* TASK:
Scan the entries below for the word "Photo". Copy out every line in which it occurs.

···

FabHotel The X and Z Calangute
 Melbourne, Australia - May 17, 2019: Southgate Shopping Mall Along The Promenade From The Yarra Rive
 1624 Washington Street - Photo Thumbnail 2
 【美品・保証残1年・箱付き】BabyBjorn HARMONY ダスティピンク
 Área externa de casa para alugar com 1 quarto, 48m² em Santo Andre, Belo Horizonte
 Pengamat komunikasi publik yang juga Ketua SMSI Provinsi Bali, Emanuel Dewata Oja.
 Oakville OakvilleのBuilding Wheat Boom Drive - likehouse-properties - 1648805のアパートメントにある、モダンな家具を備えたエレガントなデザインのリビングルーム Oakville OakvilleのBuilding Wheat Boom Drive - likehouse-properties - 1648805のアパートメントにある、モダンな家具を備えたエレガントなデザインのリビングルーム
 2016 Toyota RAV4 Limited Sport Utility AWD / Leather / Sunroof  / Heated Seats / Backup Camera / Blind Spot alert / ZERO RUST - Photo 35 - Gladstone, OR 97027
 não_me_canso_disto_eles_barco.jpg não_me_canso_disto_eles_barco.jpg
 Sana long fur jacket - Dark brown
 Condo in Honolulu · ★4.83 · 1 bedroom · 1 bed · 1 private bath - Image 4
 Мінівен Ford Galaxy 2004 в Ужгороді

···

* SOLUTION FOR THIS EXERCISE:
 1624 Washington Street - Photo Thumbnail 2
 2016 Toyota RAV4 Limited Sport Utility AWD / Leather / Sunroof  / Heated Seats / Backup Camera / Blind Spot alert / ZERO RUST - Photo 35 - Gladstone, OR 97027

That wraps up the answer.